木材(壁部分はアコヤを不使用)の表面を焼いて炭化させることで、耐候性・耐久性が増すのだとか。ちなみにこれは、もともと「焼杉板」と呼ばれる日本由来の技術で、Tiny TIMもそれを参考にしたのだとか。今でも香川県などでは現役の製法だそうですが、それが遠いオランダでも活用されていて非常に驚きですね。それを知り、このタイニーハウスに一気に親近感を覚えました。

ちなみにこの焼いた木材はそのままでも使用できるそうですが、Tiny TIMでは表面コーティングを施して服などが汚れないように配慮しているのだとか。住むとなると外壁も毎日身近にあるので、そういう気づかいはありがたいですね。

ひとつはタイニーでも、組み合わせ自在のフレキシビリティ

(c) Föllmi Photography

残念ながら筆者が訪れたタイミングでは室内は見学できなかったのですが、Tiny TIMのご厚意で内部の画像を貸していただけました。黒い外壁とはうって変わって、室内は木材そのものの色味を生かした明るい雰囲気です。

(c) Föllmi Photography

奥には、トイレとシャワーのプライベート空間も確保されています。そしてその上にはロフトが。

(c) Studio Nuance

そしてこの室内も、実はただいま進化中。Tiny TIMのメンバーが、デザイン・スタジオからはこのような提案があがってきているのだと教えてくれました。キッチン下に、ベッドが収納されているのが見えますね!

(c) Studio Nuance

このデザインならキッチン下からベッドを引き出せるばかりではなく、ソファー部分もベッドに変形させられます。ゆったり眠れるのに、日中はスペースを有効に使えそうですね。

(c) FARO Architects

そしてこの家単体はシングルやカップル向けの大きさですが、家の向きや組み合わせで、さまざまな需要に対応できそうです。

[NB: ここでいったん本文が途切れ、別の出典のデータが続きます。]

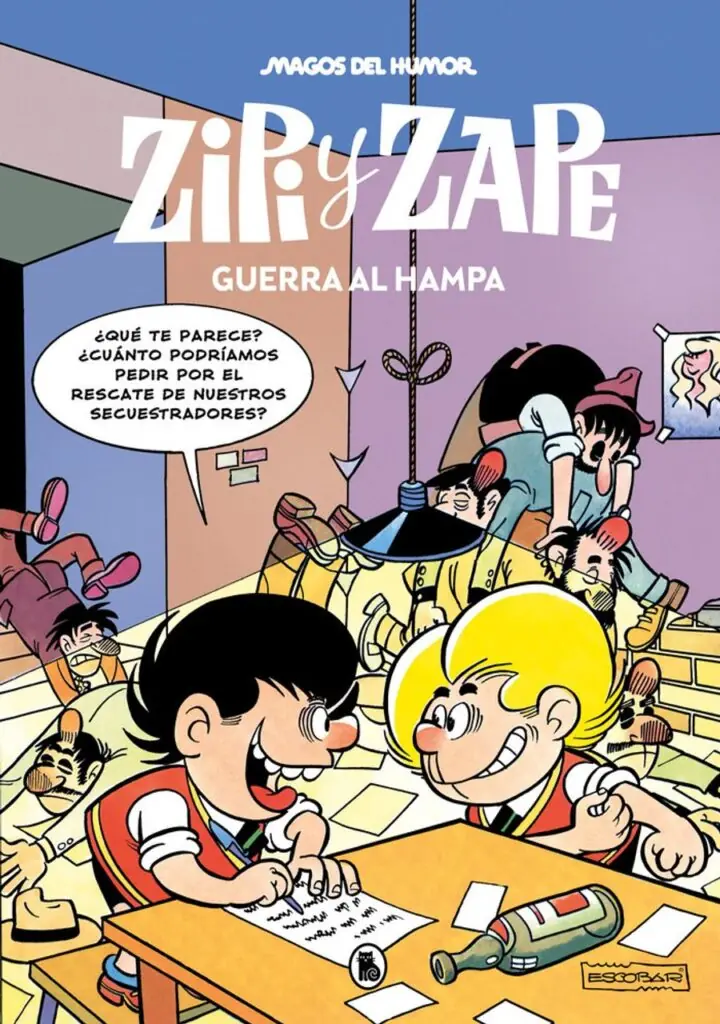 Guerra al hampa – Bruguera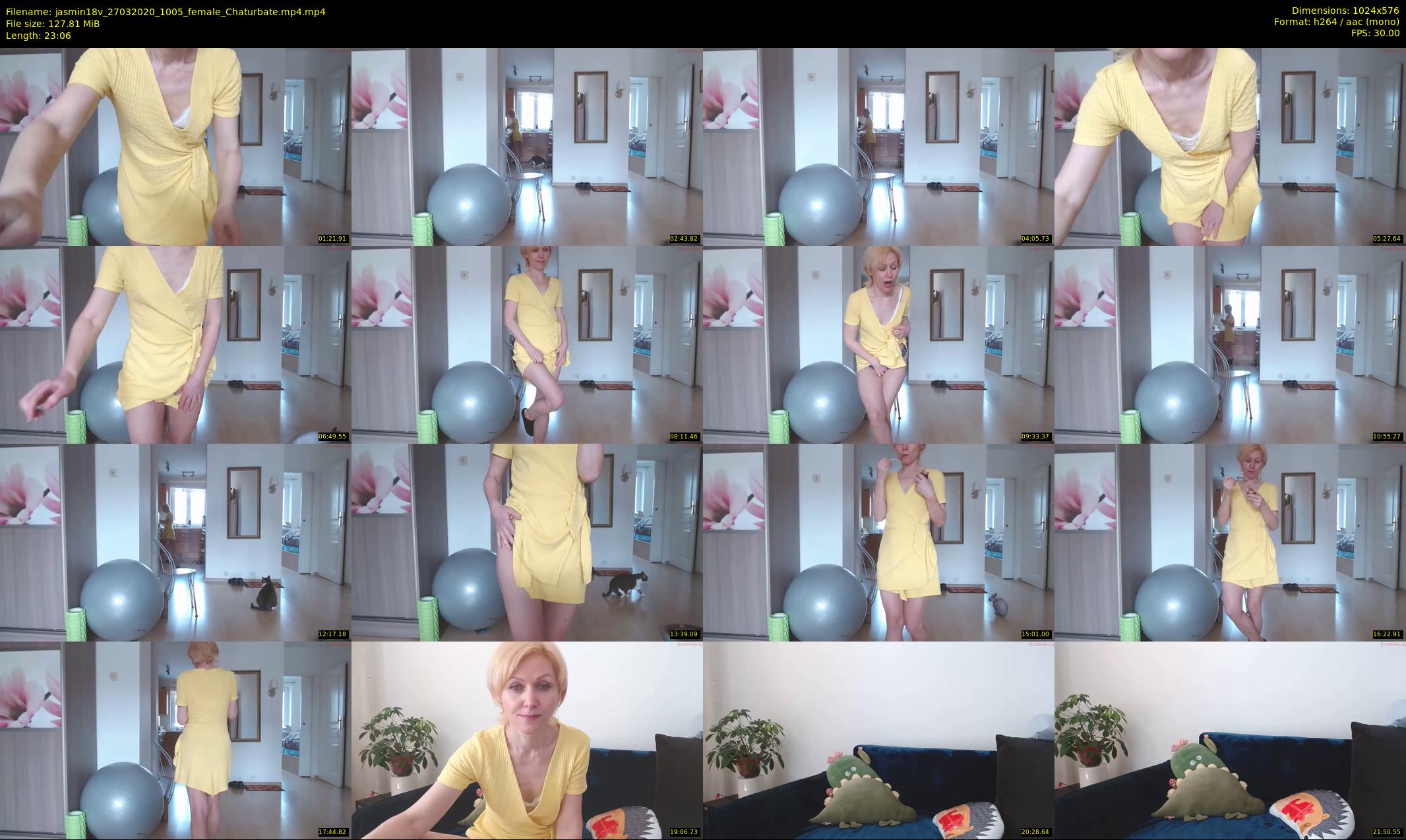 jasmin18v — 24 minute Chaturbate female cam show recording, 480p, Mar 27, 2020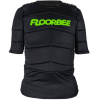 FLOORBEE Delegate SS M, čierna / biela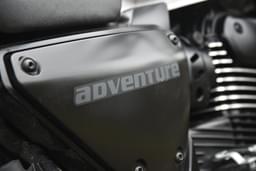 Yezdi Adventure Color Black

かつて特集コラム『ムーブメントの未来を映すコンテスト「Bouw Expo Tiny Housing」』でご紹介したように、オランダのタイニーハウス・ムーブメントの重要なキーワードの中に「Tijdelijk」(一時的)という言葉があります。その時々の需要や都合に対応していける、タイニーハウスの柔軟性を表現する言葉です。このタイニーハウスも、設置の工夫次第では、学生寮や仮設住宅、さらには観光地でのレジャーハウスなどにも活用できそうですね。

完全オフグリッド!世界初のグリーン浄水システム

(c)Naoko Kurata

そしてもちろん、Tiny TIMはオフグリッド・ハウスでもあります。屋根の太陽光発電パネルはもちろんのこと、風力発電用の風車まで備えているという徹底ぶり。

(c)Naoko Kurata

さらにさらに、このTiny TIM最大の特徴はこの壁面ガーデンの内側に隠されています。実はこの6㎡の壁面ガーデンは、世界初の技術を採用した浄水装置になっているのです。

(c) Föllmi Photography

このガーデンの内側には3つのタンクがあり、雨水はもちろんのこと、この家から出たシャワーやトイレの排水も3回植物のフィルターを通すことで再利用可能な清潔な水に変わるのだとか。

(c)Naoko Kurata

トイレから出る排泄物は尿と個体(紙を含む)に分けられ、尿は浄水システムへ回り、個体は1、2カ月かけて乾燥処理されるのだとか。このシステムを採用することで、Tiny TIMに住むための生活用水はすべて雨水で賄うことができ、1人あたり年間1万5千リットルの節水になる計算なのだそう。

さらにTiny TIMはこのシステムを経た浄水は引用も可能だと自信を見せていますが、現在はオランダの水道局的組織のHHNKでの検査を依頼している段階。気になる人のためには、キッチン部分に水道水を貯められるタンクを別途設置することもできるそうです。これまた、柔軟性に富んでいますね。

(c)Naoko Kurata

ちなみにこの「Tiny TIM」のTIMはTimber(木材)、Independent(独立)、Mobile(持ち運びできる)の頭文字をとったプロジェクト・チームの名前。建築家のみならず建築と風景を専門とする写真家や、アムステルダム大学の学生たちも中心メンバーとなって運営しています。そこにオランダ国内のさまざまな専門家が参加して、このタイニーハウスは完成したのです。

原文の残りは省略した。